On peut également voir des choses qui finiront dans son film phare, comme les policiers aux trousses du Voleur de paratonnerres (des ébauches des sbires du Roi qui ne sont pas sans rappeler les Dupondt d'Hergé) ; ou la tendance au conte et à la science-fiction pour développer ses idées. Car Le Roi et l'oiseau n'est pas le seul exemple de science-fiction dans sa filmographie. Le diamant (1970) se présente comme un film post-apocalyptique avec un méchant en quête de jeunesse éternelle (dont le look fait penser à celui d'un vampire). Le diamant appartient à une tribu et l'homme d'affaires fait tout pour l'avoir, quitte à amadouer la population avec des parapluies dont ils se contrefoutent. Alors on opte pour la radicalité. Une manière comme une autre de parler du colonialisme, qui plus est à une époque où il perdait du terrain. Produit trois ans plus tard, Le chien mélomane (1973) montre un violon qui fait tout exploser en fonction des notes réalisées. Grimault montre un monde prêt à se détruire de toutes parts, jusqu'à ce qu'il ne reste que des cendres.
Bien avant La Bergère et le Ramoneur (la première version du Roi et l'oiseau), le cinéma de Paul Grimault avait déjà eu son lot de poursuites. Les passagers de la grande ourse (1943) montre un héros essayant tant bien que mal de retourner sur un bateau. Le voleur de paratonnerre (1946) est une course contre la montre avec un héros allant de toit au toit pour ses larcins. Pourquoi des paratonnerres ? Aucune idée, mais il semble s'amuser comme un petit fou, comme le spectateur en le voyant narguer un chien, puis les deux policiers.
Quant à La flûte magique (1946), il confronte là aussi un despote à un jeune garçon voulant seulement faire de la musique et dont la vengeance sera spectaculaire.
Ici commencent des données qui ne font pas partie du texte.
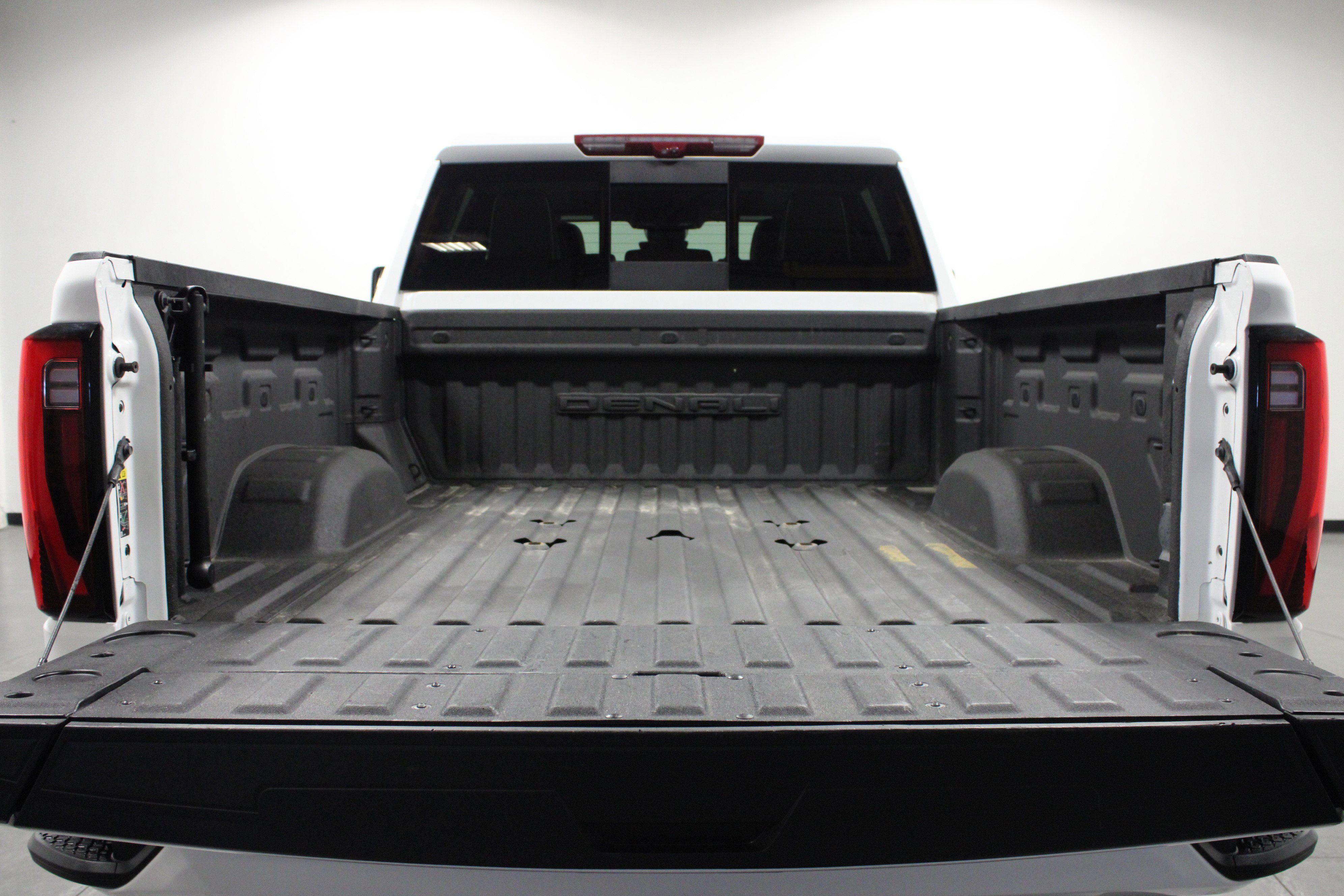 Used 2024 GMC Sierra 2500 Denali Ultimate image 14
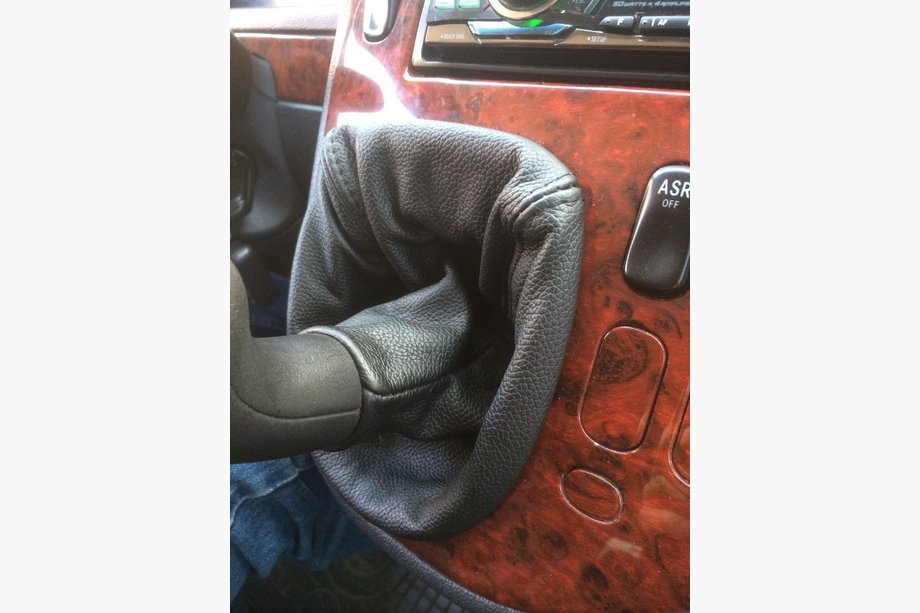 Mercedes Vito W638 1996-2003 SALE! Gear shift boot (leather) Image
On pense inévitablement au Joueur de flûte, les rats et les enfants en moins. Puis la conclusion est l'occasion d'une poursuite endiablée.
Le petit soldat (1948) est une adaptation d'un conte d'Hans Christian Andersen (Le Stoïque soldat de plomb, 1838) et même si des libertés sont prises (notamment sur la fin qui passe du chaud au froid), Grimault s'en sort bien et opte même pour une allusion à la guerre. Le monde sort de la Seconde Guerre Mondiale (même si elle n'est pas nommée), le petit soldat est un vestige de la guerre, appelé et en ressortant avec une jambe brisée. Le temps passe, tout n'est qu'un désert de neige (là encore une vision d'apocalypse) et seul l'amour semble réchauffer les cœurs. Au passage, le film suggère qu'il s'agit de l'un de ses travaux les plus chers et c'est peut-être aussi pour cela qu'il apparaît comme l'apothéose du métrage.
La table tournante est donc une sacrée odyssée dans l'animation française à travers l'un de ses plus grands artisans. Une compilation d'œuvres peut-être, mais surtout le travail de toute une vie.